What the exercise asks >> Your answer should be the lines of the listing that contain the word "Earrings".

Source data >>
· · · ·

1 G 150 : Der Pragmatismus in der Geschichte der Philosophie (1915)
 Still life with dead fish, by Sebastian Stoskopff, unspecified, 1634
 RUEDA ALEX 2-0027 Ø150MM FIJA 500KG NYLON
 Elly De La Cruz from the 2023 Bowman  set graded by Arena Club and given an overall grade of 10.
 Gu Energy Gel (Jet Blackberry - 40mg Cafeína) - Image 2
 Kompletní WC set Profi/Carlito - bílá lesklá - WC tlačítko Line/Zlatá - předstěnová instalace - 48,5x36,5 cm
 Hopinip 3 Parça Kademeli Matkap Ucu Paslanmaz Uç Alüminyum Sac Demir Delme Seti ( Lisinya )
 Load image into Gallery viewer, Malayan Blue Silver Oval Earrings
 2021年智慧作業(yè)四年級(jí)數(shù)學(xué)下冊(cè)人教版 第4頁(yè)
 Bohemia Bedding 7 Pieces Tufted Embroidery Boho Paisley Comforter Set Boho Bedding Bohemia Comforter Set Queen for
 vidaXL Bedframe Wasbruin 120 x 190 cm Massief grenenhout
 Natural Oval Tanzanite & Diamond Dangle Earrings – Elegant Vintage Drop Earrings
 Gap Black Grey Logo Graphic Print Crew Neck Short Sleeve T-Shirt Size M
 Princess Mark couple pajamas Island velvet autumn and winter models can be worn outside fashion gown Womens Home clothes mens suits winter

· · · ·

Task output >>
 Load image into Gallery viewer, Malayan Blue Silver Oval Earrings
 Natural Oval Tanzanite & Diamond Dangle Earrings – Elegant Vintage Drop Earrings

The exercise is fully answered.